Lab - The Major Patterns of Evolution:
26.1 - How are Species Defined and Identified?
- Genetic distinctions bc mutation, selection, drift act on each species independently of what is happening in
other populations.
-Biological species concept: two diff populations do not interbreed, fail to produce viable and fertile offspring,
they are diff species
- No gene flow in reproductively isolated populations.
-Morphospecies: distinguishing features most likely to arise if populations are independent/isolated from
gene flow.
- Applicable: no data on extent of gene flow, to sexual, asexual, fossil species
-Ecological: species = organisms exploiting a single set of resources, having same range of environmental
tolerances, facing same predators and parasites
- Concept emphasizes role of natural selection
- Useful for identifying bacteria, archaea, asexual eukaryotes
-Phylogenetic: reconstructing evolutionary history of populations. Species = smallest monophyletic groups
on tree of life.
- synapomorphy = homologous trait (inherited from common ancestor), unique to certain populations/lineages
- Logical bc diff species have diff synapomorphies only if they are isolated from gene flow and evolved
independently
26.4 - What Happens When Isolated Populations Come Into Contact?
- Reinforcement: if 2 populations diverged extensively, distinct genetically, then their hyrid offspring should
have lower fitness than parents. Populations well adapted to diff habitats. Hybrid offspring not well adapted
to either.
- Selected traits reinforce differences that evolved while populations were isolated.
- Natural selection can act to reduce mating b/w species only if ranges overlap. Sympatric species exhibit
prezygotic isolation that allopatric species do not.
- Hybrid Zones: geographic area where interbreeding occurs and hybrid offspring are common.
- New Species through Hybridization: H. annuus
and H. petiolaris
were isolated and diverged as separate
species. Later interbreed ---> hybrid offspring = new species that had unique combo of allels from each
parental species. Different characteristics (H. anomalus
).
27.3 - Adaptive Radiation
- Adaptive radiation: when a single lineage produces many descendant species that live in a wide diversity of
habitats and use a wide array of resources.

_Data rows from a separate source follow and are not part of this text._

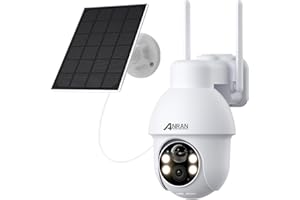 ANRAN Cámara Vigilancia WiFi Exterior Solar, 2K HD Camara Vigilancia Exterior 360°, Detección de Movimiento AI, Visión Nocturna en Color, Alarma de Luz y Sonido, Compatible con Alexa, Q03 Pro Blanco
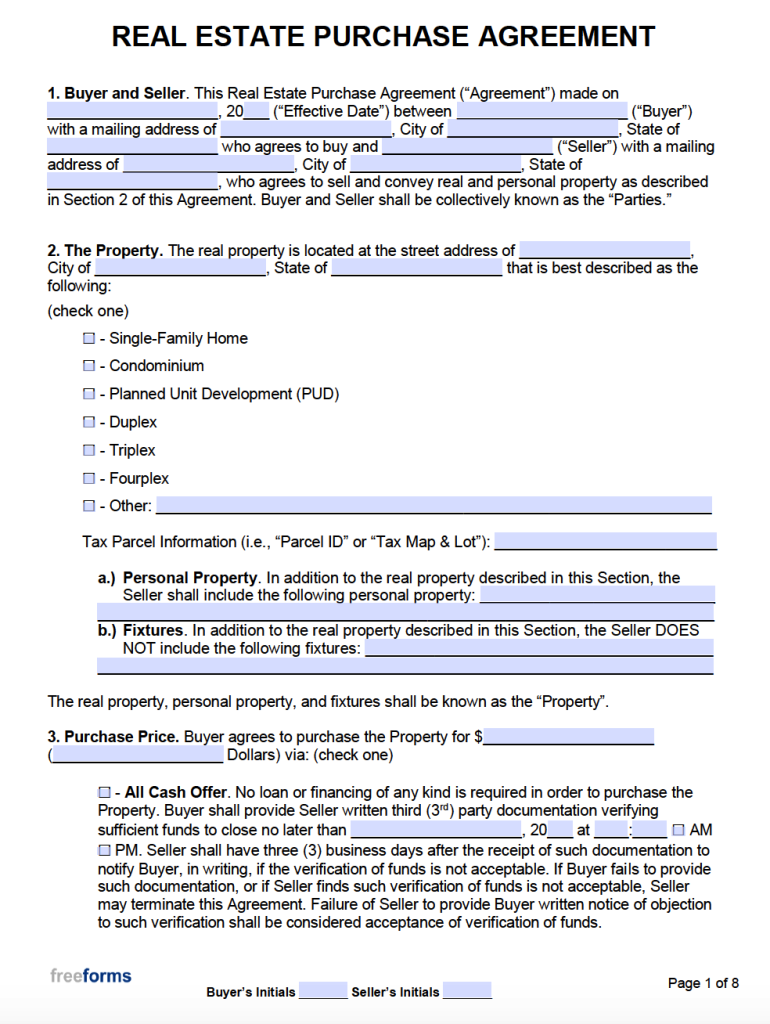 Printable Agreement To Purchase Real Estate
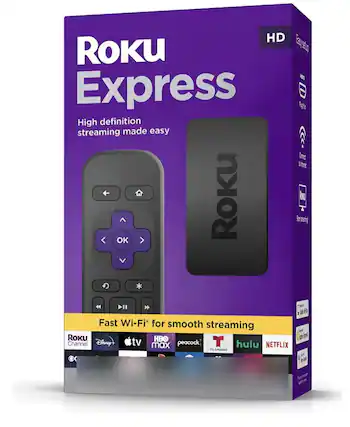 HD Roku Express
High definition streaming made easy
Fast Wi-Fi for smooth streaming
Roku Channel, Disney+, Apple TV, HBO Max, Peacock, Hulu, Netflix, Telemundo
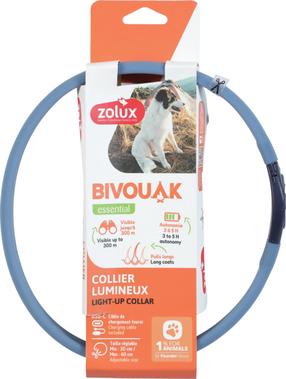 Antkaklis šunims Zolux Bivouak, mėlyna sp., 600 mm x 10 mm, M/L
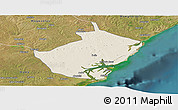 Shaded Relief Panoramic Map of Angoche, satellite outside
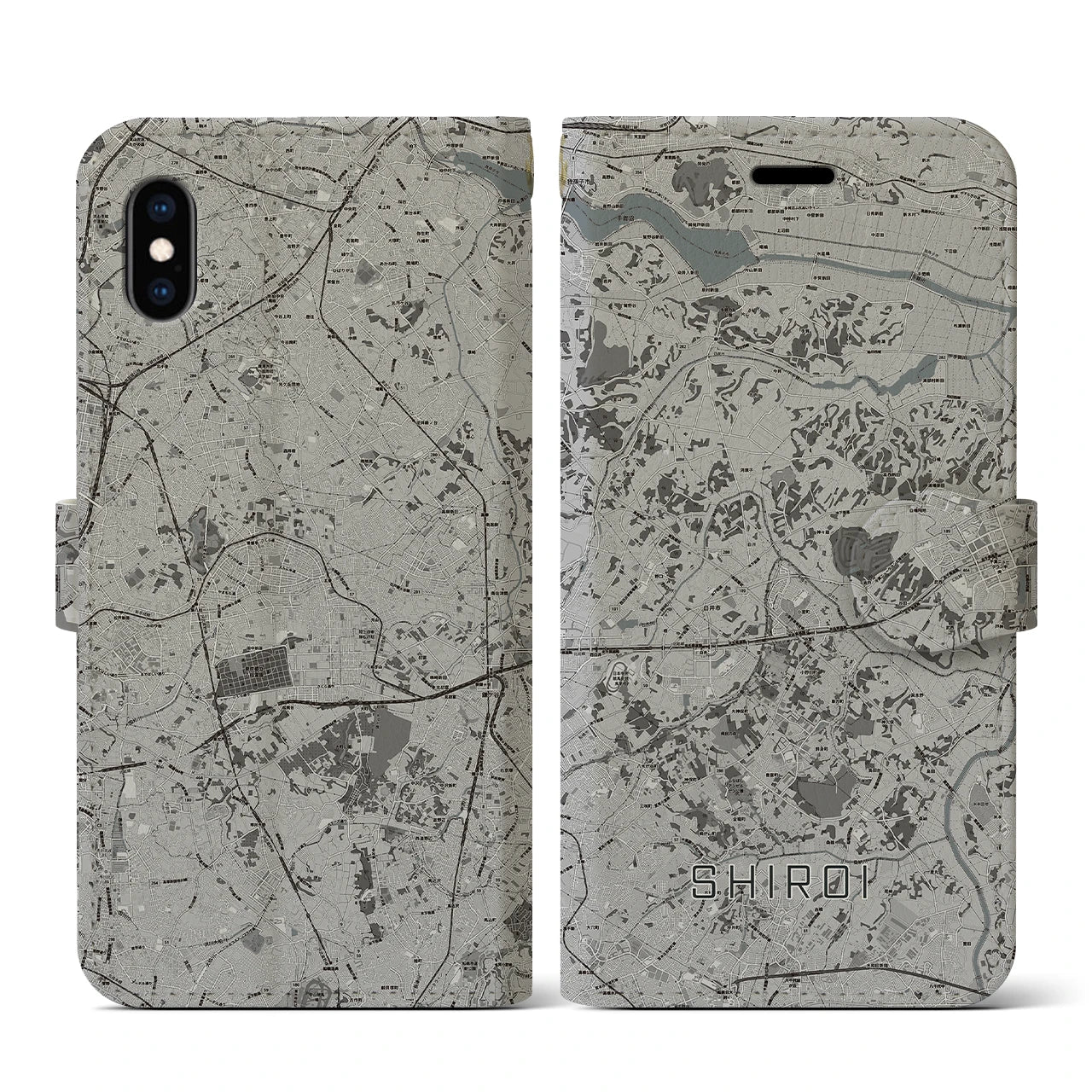 【白井(千葉県)】地図柄iPhoneケース(手帳タイプ)モノトーン・iPhone XS / X 用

- Trigger adaptive radiation: new resources and new ways to exploit them.
- Ecological opportunity: availability of new or novel types of resources
- Morphological innovation: the evolution of a key morphological trait - one that allowed descendants to live in
new areas, exploit new sources of food, or move in new ways = triggered many important diversification
events in the history of life.
- New morphological features may support rapid speciation and ecological divergence.